From wonder to desire: Encounters between India and the West

The editor and the contributing authors must be commended for coming up with an anthology that will attract both academic and non-academic readerships

Iman Mitra Published 20.11.20, 07:30 AM
The Breakfast. A young married couple (an East India Company civil servant and his wife) breakfasting on fried fish, rice and Sylhet oranges, with servants in attendance. Lithograph by J. Bouvier. Sketches illustrating the manner and customs of the Indians and the Anglo-Indians. London, Thomas McLean, 1842.

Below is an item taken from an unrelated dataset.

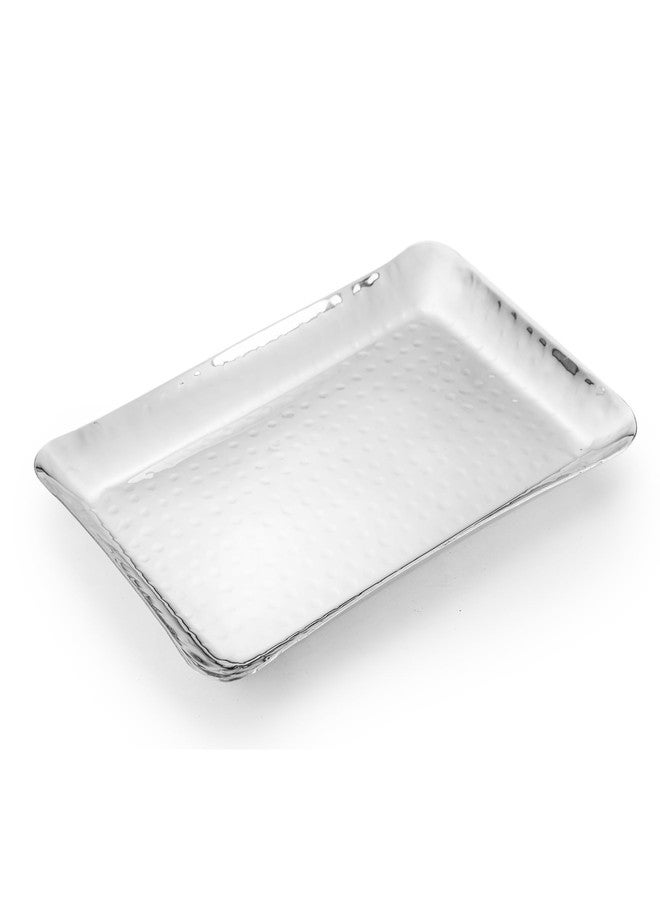 FNS Stainless Steel Rectangular Hammered Finish Deep Platter Ideal Tray for Parties Holidays & BBQ’s - Image 3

The Breakfast. A young married couple (an East India Company civil servant and his wife) breakfasting on fried fish, rice and Sylhet oranges, with servants in attendance. Lithograph by J. Bouvier. Sketches illustrating the manner and customs of the Indians and the Anglo-Indians. London, Thomas McLean, 1842. Wikimedia Commons

BOOK: Desiring India: Representations through British and French Eyes 1584-1857
EDITOR: Niranjan Goswami
PUBLISHER: Jadavpur University Press
PRICE: Rs 550

The encounters between India and the West between the sixteenth and nineteenth centuries have been discussed so extensively that any new contribution to the field rouses either fatigue or an undue expectation. The editor and the contributing authors of Desiring India: Representations through British and French Eyes 1584-1857 must be commended for maintaining a fine balance between the two and for coming up with an anthology that will attract both academic and non-academic readerships. One of the reasons for this is the freshness of the approach, which explores both British and French accounts in the same book and attempts a comparative analysis of the lenses through which each envisioned India. The ‘Introduction’ to the anthology makes it clear that its purpose is not to homogenize the colonial perspectives and present a seamless narrative of wonder and exploits. By bringing together an impressive collection of accounts by merchants, travellers, officials and intellectuals and analysing their distinct voices and representational techniques, it reminds us of the many Wests that congregated in the ‘Orient’ and constructed the ‘Oriental’.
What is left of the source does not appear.